Wednesday in the Twenty-Ninth Week of Ordinary Time

2 Corinthians 9:1-8

The Cheerful Giver

Chapter nine picks up more of Paul’s instructions about giving, instructions which will bless our lives if we follow them.  Please note that these instructions have to do first and foremost with the sincerity of our hearts, and not with the act of giving in and of itself.  Giving is a good thing, but only when it is accompanied with a willing and grateful heart.
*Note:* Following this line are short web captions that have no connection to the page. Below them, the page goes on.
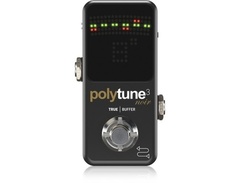 TC Electronic PolyTune 3 Noir - ranked #27 in Pedal Tuners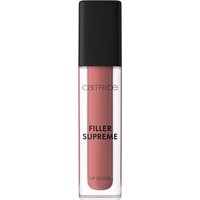 Catrice Filler Supreme Lip Gloss Lucidalabbra, 050 Nude, Not Rude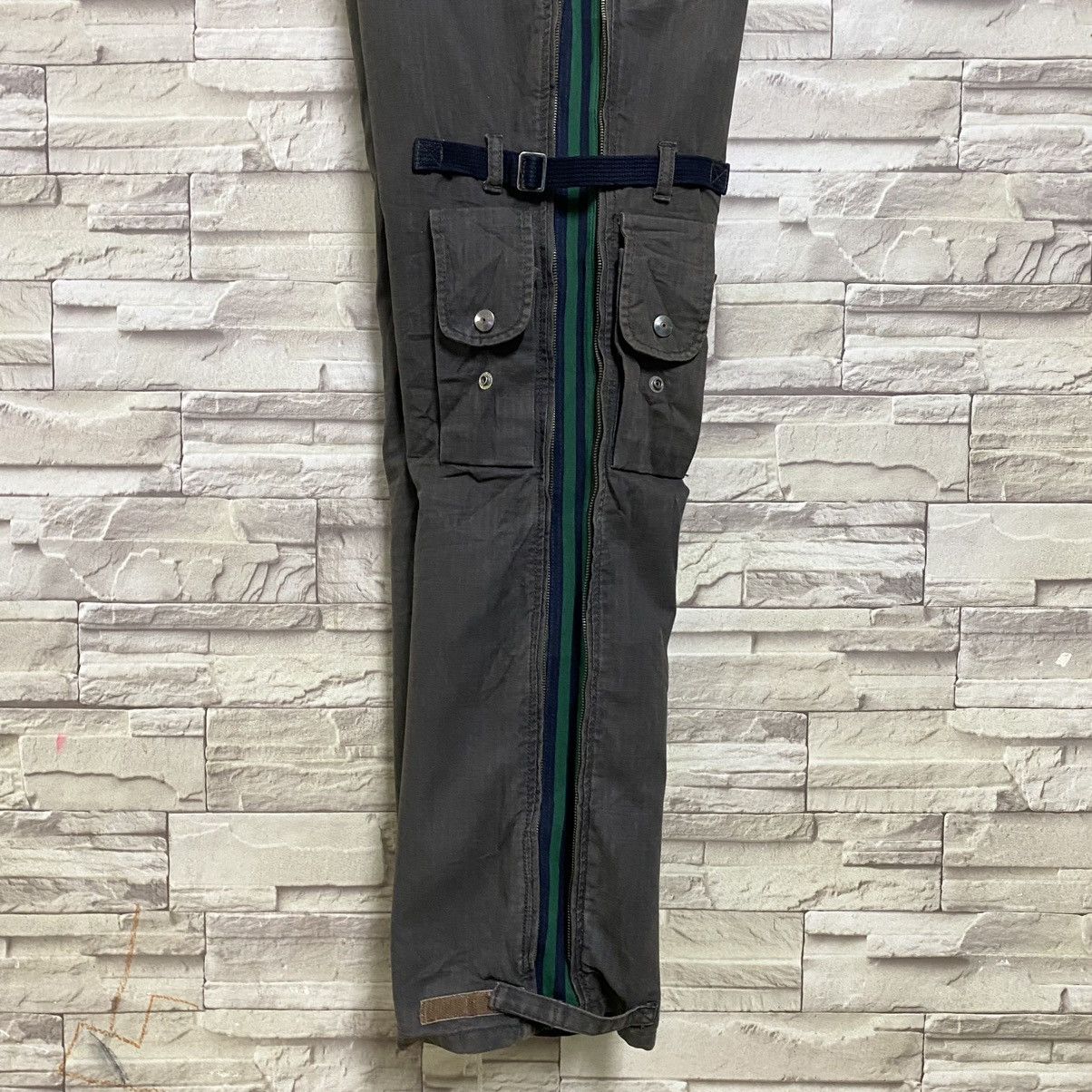 PPFM PPFM Tactical Pants Hybrid Track Long Zipper Size US 34 / EU 50 - 18 Thumbnail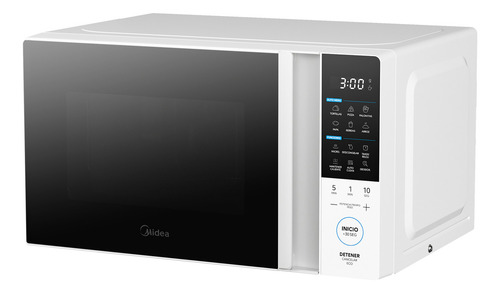 Horno De Microondas Midea 0.7 Pies Cúbicos (20l) TASTEXPRESS Blanco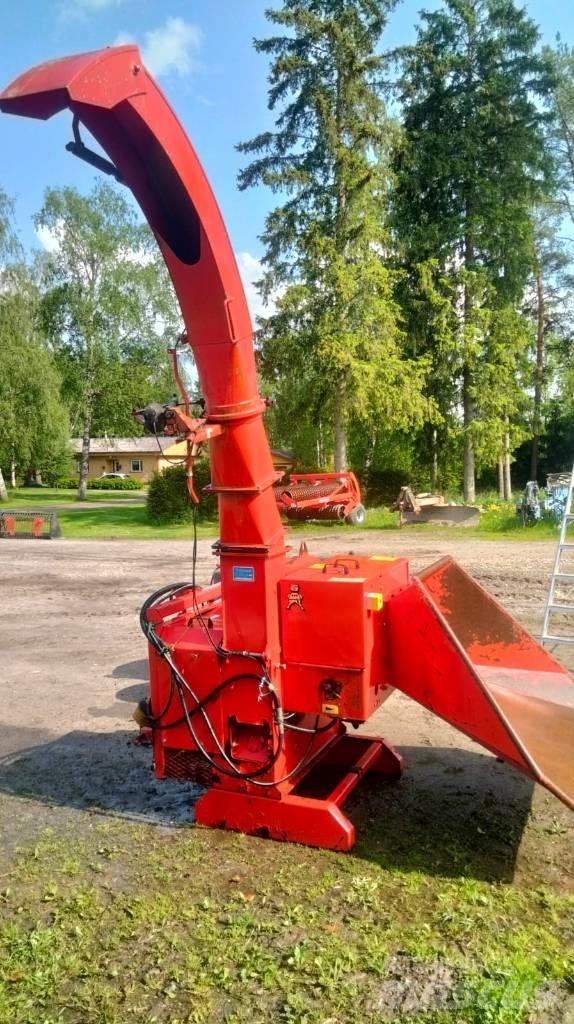 Junkkari HJ 260 G Vedkløvere, kappemaskiner og flismaskiner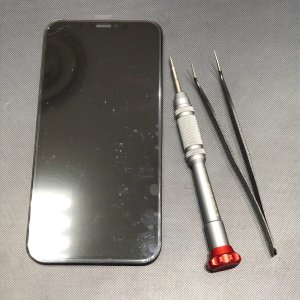iPhoneXR 液晶交換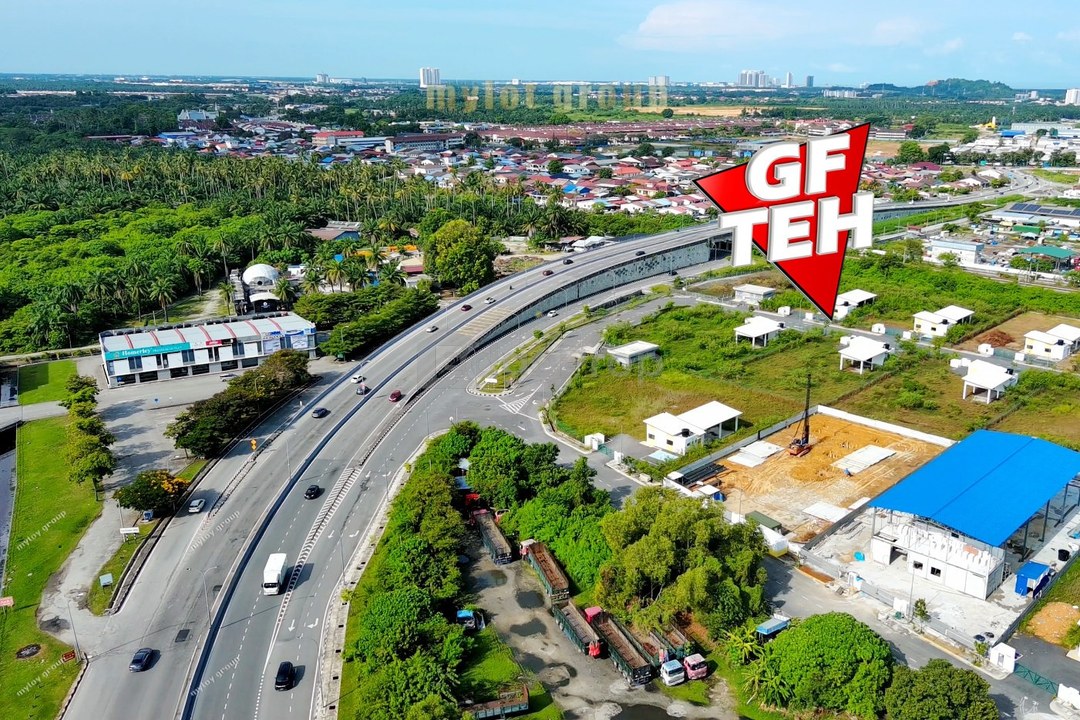 6 acre Prime Location | Residential Land | Alma | Permatang Tinggi | Bukit Mertajam | Penang 96psf, Penang, Permatang Tinggi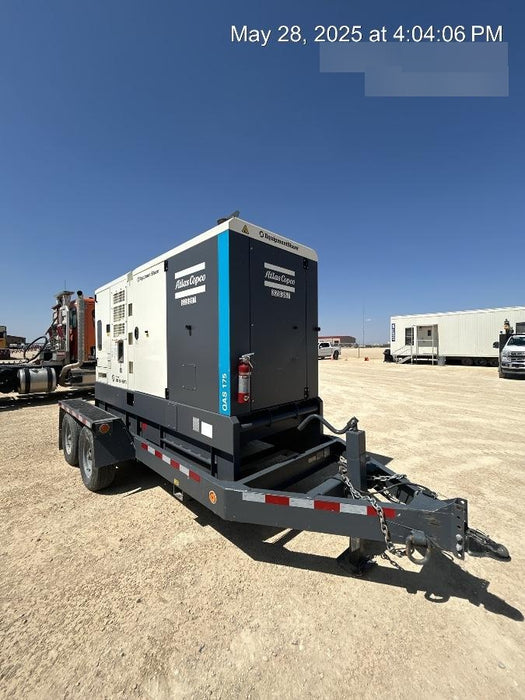 2023 ATLAS COPCO QAS 175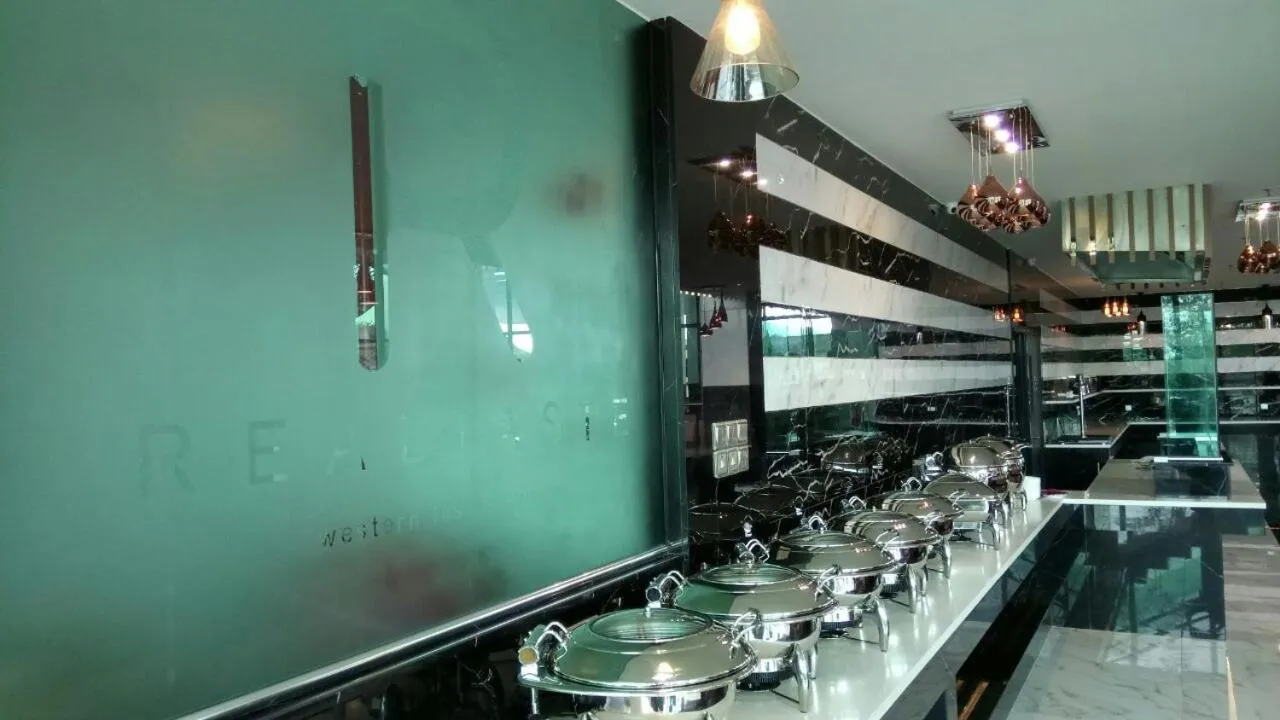 Restaurant/places to eat in Purest Hotel Sungai Petani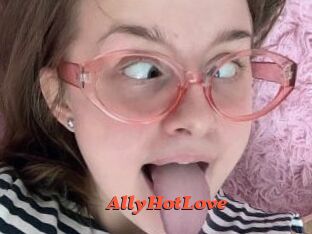 AllyHotLove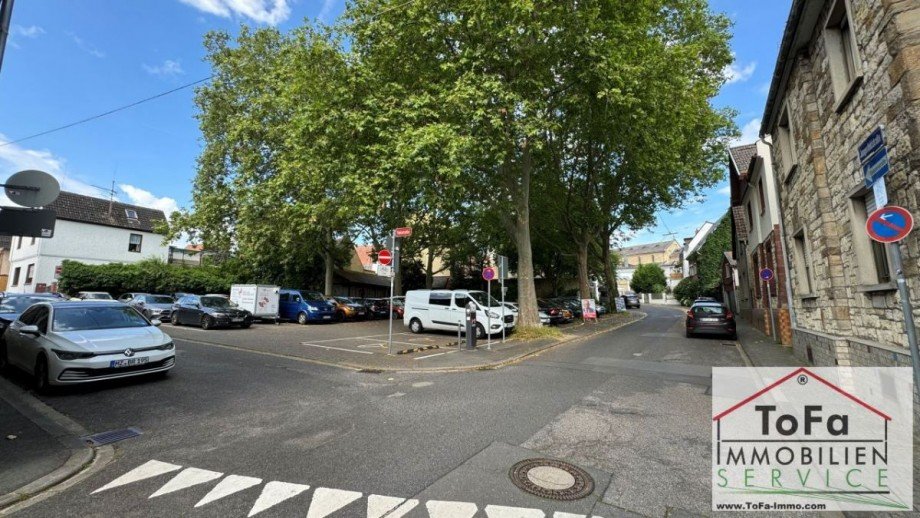 Nachbarschaft Jungenfeldplatz Zweifamilienhaus Mainz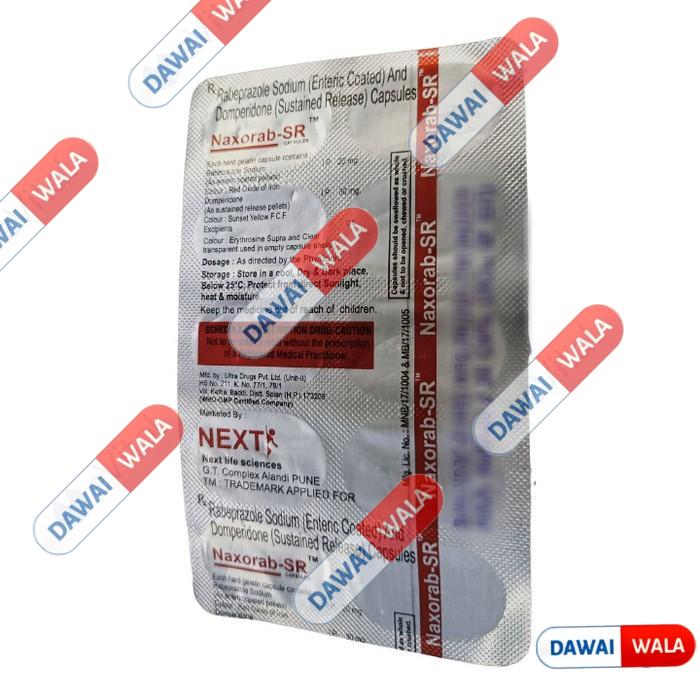 Naxorab-SR Capsule
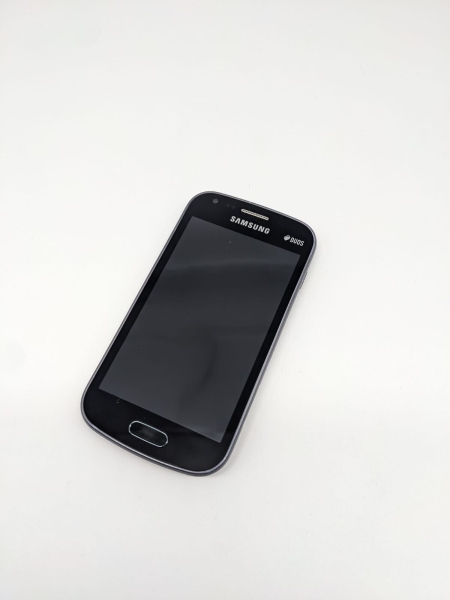 Samsung Galaxy S Duos GT-S7562 Schwarz Smartphone | OHNE AKKU | OHNE SIMLOCK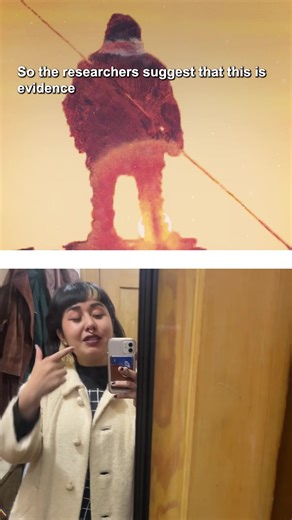 139K views · 3.3K reactions | Cold weather clothes really came in clutch for us. #paleontology #science #neanderthal #history #iceage | Eons • PBS | Facebook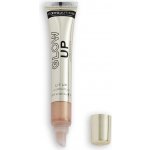 Revolution Relove Glow Up Tekutý rozjasňovač Lit Up 8 ml – Zboží Dáma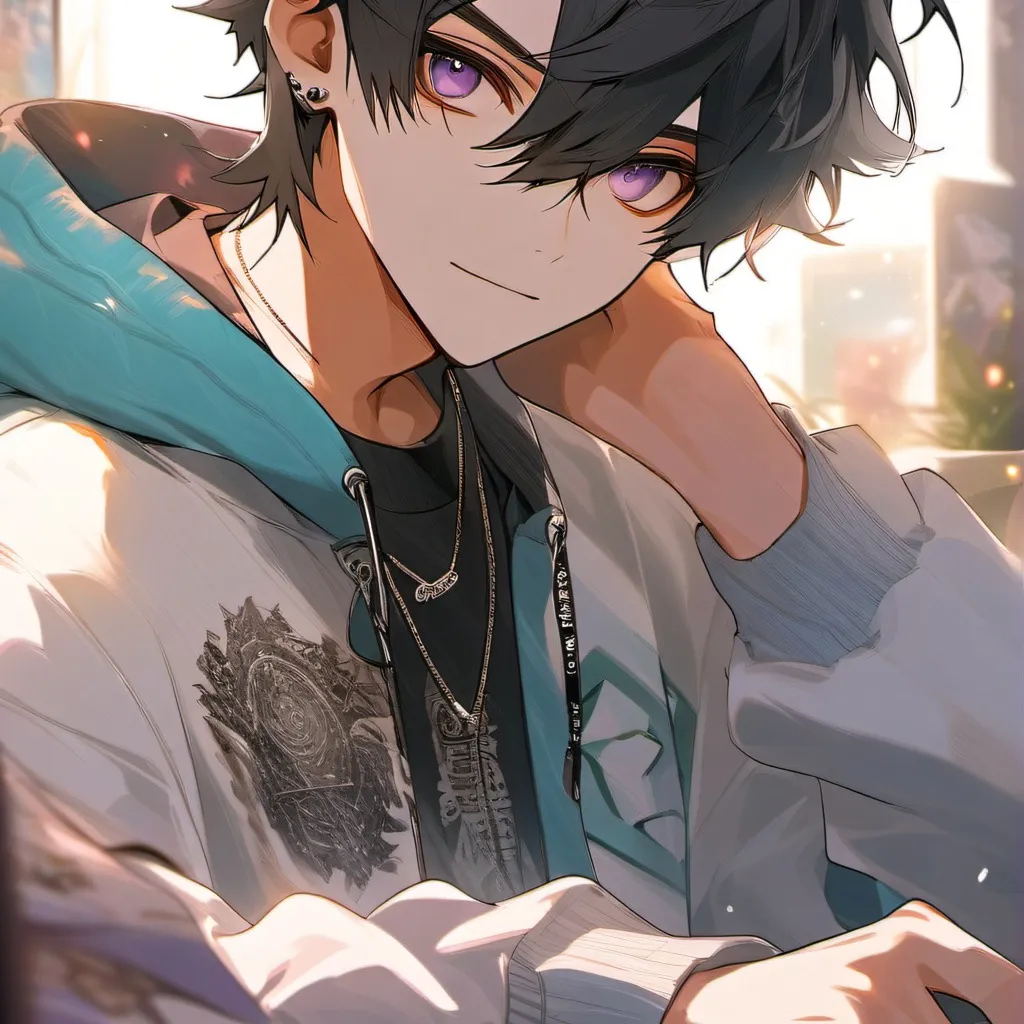 chat with ai character: sam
Well, having said that, I suppose the first point Paul makes really is a practical matter.  We remember that he gently shamed, or perhaps challenged, them in chapter eight speaking of the generosity of their poorer brethren in the Macedonian churches who begged to give to the relief of the saints in Jerusalem.  Now Paul tells them that he is sending some brethren ahead of his impending visit to help them prepare their offering before he comes—so that no one will be embarrassed when he arrives with others from the various churches to gather theirs with the rest of the offerings.  That was nice of Paul.  But it also reminds us of a principle we covered from 1 Corinthians 16:1-4, that giving is a spiritual discipline, something done on a regular basis.  That way money will be laid in store rather than having to rush around gathering pennies when a brother or sister in the church has a crisis which needs immediate attention.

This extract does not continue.